Jedidiah's Jerky is a brand of Jedidiah's Jerky and Gourmet Snacks, of Laughlin, NV. I've reviewed several of their jerky varieties over the past, read them all.
This "Old Fashion Style" is a new line of jerky to their portfolio of varieties, which also includes a Premium line, and a Private Reserve line.
My idea of Old Fashion Style beef jerky is something thick, dry, and chewy, with a simple recipe free of preservatives and automated machinery. Jedidiah's website says this is tenderized however, and goes on to say that this is how jerky was made, "back in the day".
Whole slices of beef, soy sauce, water, garlic, spices, natural smoke.
The first thing I taste from the surface of these pieces is a smoky flavor, followed by a saltiness, which seems to progress into a soy sauce flavor. Some light black pepper flavor is noticeable.
The chewing flavor starts with a stronger saltiness, and a more defined soy sauce flavor, and a slighly increased black pepper flavor.
I'd say the dominant flavor of this jerky is the soy sauce along with its associated saltiness. It starts out as a saltiness, but quickly starts to define itself on the surface flavor. Once you get into the chewing, it really makes itself known as soy sauce.

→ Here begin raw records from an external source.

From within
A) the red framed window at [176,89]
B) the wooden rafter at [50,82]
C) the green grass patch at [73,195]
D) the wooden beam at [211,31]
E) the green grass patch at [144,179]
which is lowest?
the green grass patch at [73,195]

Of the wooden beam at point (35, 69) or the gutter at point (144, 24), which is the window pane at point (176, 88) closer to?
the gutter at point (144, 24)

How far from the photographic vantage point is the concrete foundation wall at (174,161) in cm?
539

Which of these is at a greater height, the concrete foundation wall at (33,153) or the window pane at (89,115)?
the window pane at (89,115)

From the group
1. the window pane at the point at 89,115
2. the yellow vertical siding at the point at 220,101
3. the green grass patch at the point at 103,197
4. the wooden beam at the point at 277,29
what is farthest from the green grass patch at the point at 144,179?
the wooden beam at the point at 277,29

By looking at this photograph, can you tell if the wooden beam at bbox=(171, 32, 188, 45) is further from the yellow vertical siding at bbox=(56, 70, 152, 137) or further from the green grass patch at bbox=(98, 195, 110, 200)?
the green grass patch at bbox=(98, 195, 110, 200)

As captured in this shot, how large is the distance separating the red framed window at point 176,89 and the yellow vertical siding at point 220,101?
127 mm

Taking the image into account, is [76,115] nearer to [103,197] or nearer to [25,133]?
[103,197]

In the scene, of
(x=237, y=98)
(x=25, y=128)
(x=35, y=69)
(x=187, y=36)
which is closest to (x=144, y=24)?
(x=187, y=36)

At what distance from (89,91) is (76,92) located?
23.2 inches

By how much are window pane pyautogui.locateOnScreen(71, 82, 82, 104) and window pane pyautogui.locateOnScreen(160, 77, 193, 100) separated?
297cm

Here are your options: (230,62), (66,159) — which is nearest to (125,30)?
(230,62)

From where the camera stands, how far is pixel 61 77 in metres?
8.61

The natural meat flavors in this are noticeable, but still light. But I think it's just enough that I can call it the second-strongest flavor. There's also a slighly oily flavor as well that comes through.
While black pepper is easily visible on these pieces, it only has a light flavor.
The garlic mentioned in the ingredients list is barely noticeable.
The saltiness is at a high flavor intensity.
Overall, it's a simple tasting jerky, identified largely by a soy sauce flavor. There's some noticeable natural meat flavors, but is actually light, and a light black pepper flavor.
These are sliced of whole meat, sliced medium to thick thickness, and in small to medium sized pieces.
This is a dry jerky, with a mostly dry touch, but a little bit of oiliness. Tearing pieces apart with my fingers requires some effort, while chewing is quite chewy, and some pieces rather tough. However, I do find some pieces to be more easier to chew, but these are the exception.
The chewing texture starts out feeling hard and dry. Most pieces require a good deal of sucking and light biting before it starts to break apart. It takes several more chews until it finally gets down to a soft mass. And then at that point, it feels quite steak-like, though a touch crumbly. Some pieces break down much more quickly, but only a few.
From what I can see, there's no chunks or streaks of fat, and no gristle or tendon. However, several pieces leave behind small wads of unchewable tissue.
In terms of clean eating, it's somewhat clean. Just a faint trace of oil left behind on my finger tips. Though, the toughness in tearing pieces apart causes bits of black pepper to fly off on my lap and desk.
Jedidiah's Jerky sells this Old Fashion Style Original from their website at a price of $36.99 for one pound. Shipping is included in the price. That works out to a price of $2.31 per ounce.
For general jerky snacking purposes, at the $2.31 price per ounce, this seems to provide a fair value. I'm getting an average amount of snackability for a satisfactory flavor, and a steak-like chewing texture, though I'm not really a big fan of tough jerky. That $2.31 price per ounce is considerably higher than the mass-market brands of jerky found in grocery stores, yet I think this jerky is comparable in flavor and consistency.
I'm giving this an average rating.
This Old Fashion Style Original beef jerky from Jedidiah's Jerky seems to live up to the idea of how jerky could have been made a hundred years ago, dry, tough, and simple tasting. But it's not really "tender" as Jedidiah's website claims it is; at best I could only find a few pieces that were easier to chew compared to the rest of the pieces, but not necessarily tender.
For the most part, this jerky offers a soy sauce flavor, with a light natural meat flavor, and a light black pepper flavor. It's not exactly an interesting flavor, but then again, if it's meant to be "old fashion style", perhaps it lives up to its claim quite well and will satisfy those who are seeking such a jerky.
But for myself, I do get a fair amount of snackability, yet I'm finding it difficult to identify this as better than average. It's low flavor complexity, being mostly just soy sauce is my biggest "beef" with this. The dry tough chewing is one thing, but I can overlook that for a superior flavor.
My recommended beer pairing for this, try an IPA.